While, the ABP total percentage composition of Silicon dioxide (SiO2) at 0.01%, aluminum oxide (Al2O3) at 0.01% and iron oxide (Fe2O3) at 0.01%, found to be 0.03% for ABP percentages are far less than 70% minimum required for pozzolana.

Hence, according to the code, ABP is not a pozzolanic material. Likewise, Class C typically produced from lignite or subbituminous coal that meets the applicable requirements. The Silicon dioxide (SiO2) plus aluminum oxide (Al2O3) plus iron oxide (Fe2O3), have at least 50% cementitious proprieties. Whereas, the bone powder found to be 0.03% which is beyond 50% minimum required for cementitious proprieties.

The test of specific gravity of ABP performed by using a Pycnometer, and it showed a specific gravity of 2.9 gm./cm3. It measured as the ratio of the mass of a unit volume of bone powder at a temperature to the mass of the same amount of gas-free distilled testing solution. The result of ABP specific gravity achieved 92% of the cement. The cement is known to have a specific gravity of 3.15gm./cm3.

The consistency of ABP blended Cement Paste tests conducted by Vicat apparatus, to observe the relative mobility of a freshly mixed cement paste and its ability to flow when the changes in water requirement of pastes occur due to the ABP replacements. During cement testing, pastes are mixed to normal consistency as manifested by penetration of 10 ± 1 mm of the Vicat plunger.

In general, the normal consistency of the replacement of cement by ABP, indicated water dosage requirement increases when the replacement percentage of animal bone powder also increased. It implies that the bone powder requires more water content than cement. In all cases of blending, the normal consistencies of the paste are within the standard ranges based on ASTM C-187-86 specification. The normal consistency of hydraulic cement which is between 26%-33%.

On the other hand, the test results of ABP blended cement setting time performed based on the normal consistency of each dosage replacement is shown in Figure 1. The result showed that the initial and final setting time increased as the percentage dosage replacement of cement with Bone powder increased. This indicates that the hydration process of cement was slowed down because of increment percentage dosage of bone powder.
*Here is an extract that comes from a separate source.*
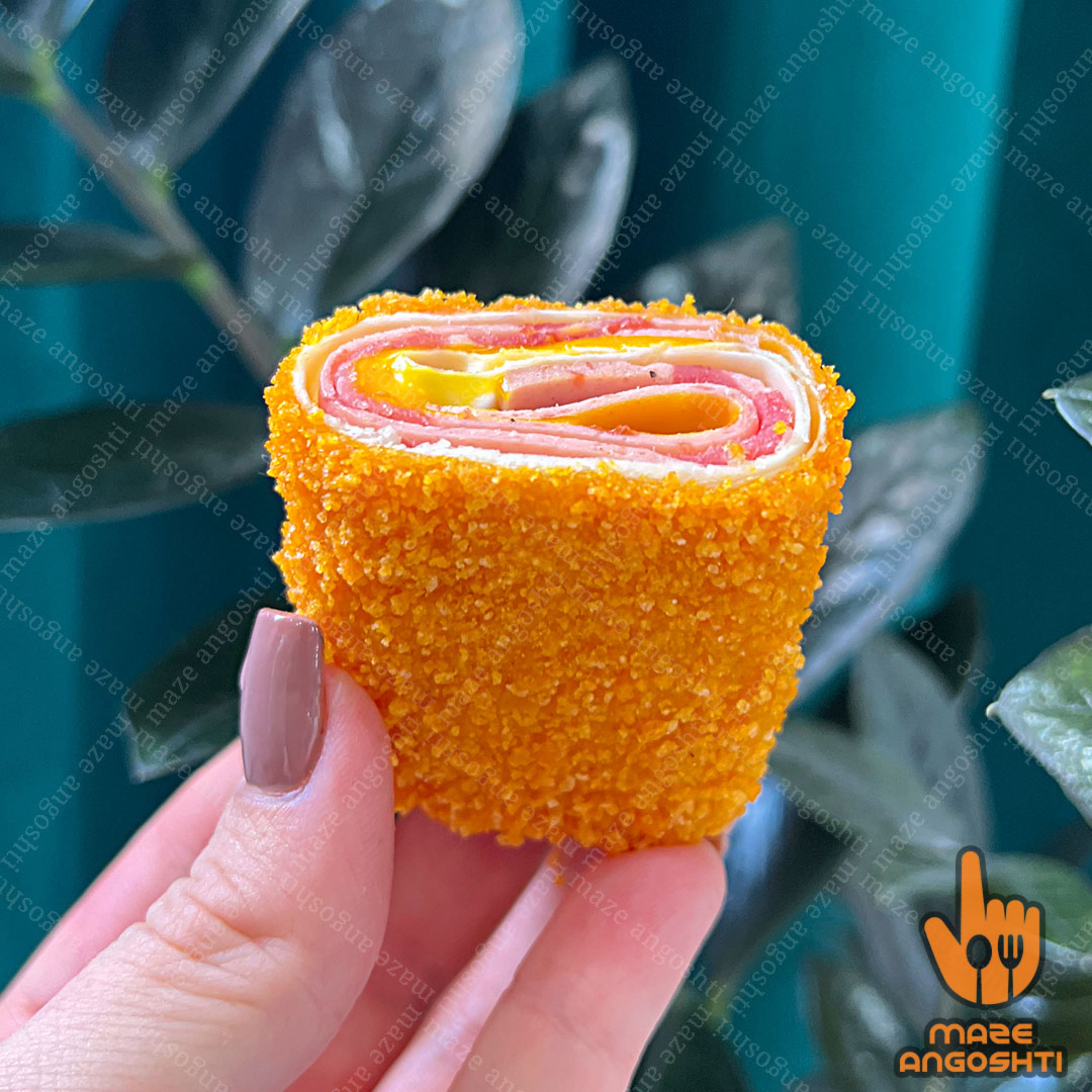 رول ژامبون سوخاری (ارسال از 30 عدد به بالا) (ارسال به صورت پس کرایه)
According to the Ethiopian standard, it suggested that initial setting time of cement should not to be less than 45min, and the final setting time not to exceed 10hrs. While ASTM C 191-01 limits, setting time to be between 45 to 375min. Comparing the test results with standards, blended cement by different dosage replacement of cement by ABP satisfied the requirement as per the initial and final setting time limits of ASTM and Ethiopian standards.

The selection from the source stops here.